La Croix, 14.10.2020
Malgré un fragile cessez-le-feu, les combats se poursuivent au Haut-Karabakh, région peuplée d’Arméniens au milieu du territoire azerbaïdjanais. Les interventions des puissances voisines – Russie, Iran et surtout Turquie – font craindre une internationalisation du conflit.
Que se passe-t-il au Haut-Karabakh ?
Gelé depuis 1994, le conflit au Haut-Karabakh s’est à nouveau embrasé. Alors que les négociations de paix sur le sort de cet espace peuplé d’Arméniens en plein territoire azerbaïdjanais étaient au point mort, de premiers accrochages ont eu lieu fin juillet. Comme toujours, la responsabilité de leur déclenchement reste floue.
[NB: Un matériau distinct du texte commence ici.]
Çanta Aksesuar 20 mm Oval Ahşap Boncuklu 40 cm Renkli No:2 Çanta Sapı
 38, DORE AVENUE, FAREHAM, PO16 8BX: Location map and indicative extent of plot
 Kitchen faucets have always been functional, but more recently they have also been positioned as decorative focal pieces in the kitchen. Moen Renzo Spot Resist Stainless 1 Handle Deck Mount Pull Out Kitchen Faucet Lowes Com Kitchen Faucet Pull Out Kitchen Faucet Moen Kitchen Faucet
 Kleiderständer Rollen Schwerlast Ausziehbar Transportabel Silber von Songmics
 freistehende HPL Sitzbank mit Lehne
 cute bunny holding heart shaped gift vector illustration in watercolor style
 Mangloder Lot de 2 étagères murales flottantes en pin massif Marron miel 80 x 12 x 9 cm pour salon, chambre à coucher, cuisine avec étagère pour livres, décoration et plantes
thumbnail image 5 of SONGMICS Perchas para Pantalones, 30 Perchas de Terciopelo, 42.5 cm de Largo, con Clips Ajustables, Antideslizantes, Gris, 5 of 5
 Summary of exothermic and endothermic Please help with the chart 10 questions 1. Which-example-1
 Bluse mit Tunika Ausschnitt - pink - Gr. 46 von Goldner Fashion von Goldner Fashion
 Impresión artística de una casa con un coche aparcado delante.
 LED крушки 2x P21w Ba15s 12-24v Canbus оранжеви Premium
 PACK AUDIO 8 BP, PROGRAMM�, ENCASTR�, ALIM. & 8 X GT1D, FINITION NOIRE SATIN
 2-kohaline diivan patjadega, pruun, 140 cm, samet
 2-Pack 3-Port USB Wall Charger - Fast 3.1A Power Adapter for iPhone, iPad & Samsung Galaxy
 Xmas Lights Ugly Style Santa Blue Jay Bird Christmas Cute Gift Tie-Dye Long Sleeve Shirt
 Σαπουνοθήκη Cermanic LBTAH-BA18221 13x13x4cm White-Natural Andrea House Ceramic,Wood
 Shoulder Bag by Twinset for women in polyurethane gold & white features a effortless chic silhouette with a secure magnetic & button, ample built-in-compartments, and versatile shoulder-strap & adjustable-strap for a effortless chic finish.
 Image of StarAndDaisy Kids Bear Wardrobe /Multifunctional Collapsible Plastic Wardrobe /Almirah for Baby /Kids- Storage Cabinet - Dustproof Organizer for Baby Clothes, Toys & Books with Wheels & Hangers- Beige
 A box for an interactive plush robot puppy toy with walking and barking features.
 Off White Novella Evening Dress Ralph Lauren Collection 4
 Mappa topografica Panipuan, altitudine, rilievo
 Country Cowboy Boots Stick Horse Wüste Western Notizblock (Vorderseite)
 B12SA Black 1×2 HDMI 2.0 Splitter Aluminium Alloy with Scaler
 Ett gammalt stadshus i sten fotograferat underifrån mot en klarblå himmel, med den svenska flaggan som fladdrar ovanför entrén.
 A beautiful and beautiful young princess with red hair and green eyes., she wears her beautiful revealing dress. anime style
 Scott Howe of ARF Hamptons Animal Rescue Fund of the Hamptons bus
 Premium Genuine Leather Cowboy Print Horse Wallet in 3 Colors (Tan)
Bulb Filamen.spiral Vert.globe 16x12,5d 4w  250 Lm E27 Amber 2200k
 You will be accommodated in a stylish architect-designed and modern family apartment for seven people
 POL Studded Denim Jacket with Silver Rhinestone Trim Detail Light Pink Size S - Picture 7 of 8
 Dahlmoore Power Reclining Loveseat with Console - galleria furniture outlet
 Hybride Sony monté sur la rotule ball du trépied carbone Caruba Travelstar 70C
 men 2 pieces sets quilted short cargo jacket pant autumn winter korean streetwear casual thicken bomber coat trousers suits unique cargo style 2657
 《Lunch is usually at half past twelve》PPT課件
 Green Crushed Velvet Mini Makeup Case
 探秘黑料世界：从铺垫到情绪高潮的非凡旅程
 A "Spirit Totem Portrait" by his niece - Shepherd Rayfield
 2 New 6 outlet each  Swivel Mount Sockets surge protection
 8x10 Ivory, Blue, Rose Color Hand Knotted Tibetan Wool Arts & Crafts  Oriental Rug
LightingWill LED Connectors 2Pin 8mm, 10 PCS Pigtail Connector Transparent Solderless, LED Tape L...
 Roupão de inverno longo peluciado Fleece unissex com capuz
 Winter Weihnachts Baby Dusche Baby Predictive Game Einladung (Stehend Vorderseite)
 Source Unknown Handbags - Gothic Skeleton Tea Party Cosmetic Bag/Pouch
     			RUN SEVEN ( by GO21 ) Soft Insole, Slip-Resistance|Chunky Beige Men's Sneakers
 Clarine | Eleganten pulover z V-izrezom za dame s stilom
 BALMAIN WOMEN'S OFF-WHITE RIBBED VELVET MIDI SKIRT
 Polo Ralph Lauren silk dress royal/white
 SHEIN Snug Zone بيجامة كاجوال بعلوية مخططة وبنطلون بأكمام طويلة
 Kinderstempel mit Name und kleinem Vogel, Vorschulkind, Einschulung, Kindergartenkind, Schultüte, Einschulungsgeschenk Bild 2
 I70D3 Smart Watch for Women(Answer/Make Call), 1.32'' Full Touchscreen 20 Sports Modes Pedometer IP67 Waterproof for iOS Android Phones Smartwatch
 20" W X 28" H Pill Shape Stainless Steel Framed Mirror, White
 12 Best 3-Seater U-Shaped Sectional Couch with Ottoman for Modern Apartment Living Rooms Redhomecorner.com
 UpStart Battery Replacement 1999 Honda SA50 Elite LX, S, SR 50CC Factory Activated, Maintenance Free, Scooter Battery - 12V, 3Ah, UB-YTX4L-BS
Les Arméniens ont déploré des bombardements dans la ville de Berd et les Azerbaïdjanais ont dénoncé des tirs dans le nord de leur territoire, chacun affirmant s’être contenté de « riposter ». « En visant la ville de Tovouz, par laquelle passent notre gazoduc et notre autoroute vers la Géorgie, les Arméniens ont voulu nous adresser un message : ”Oubliez vos prétentions sur le Haut-Karabakh, sinon nous vous toucherons au cœur” », affirme l’ambassadeur d’Azerbaïdjan en France, Rahman Mustafayev. Désireux de « montrer ses muscles », son pays, reconnaît-il, a alors lancé quinze jours « d’exercices militaires à large échelle ».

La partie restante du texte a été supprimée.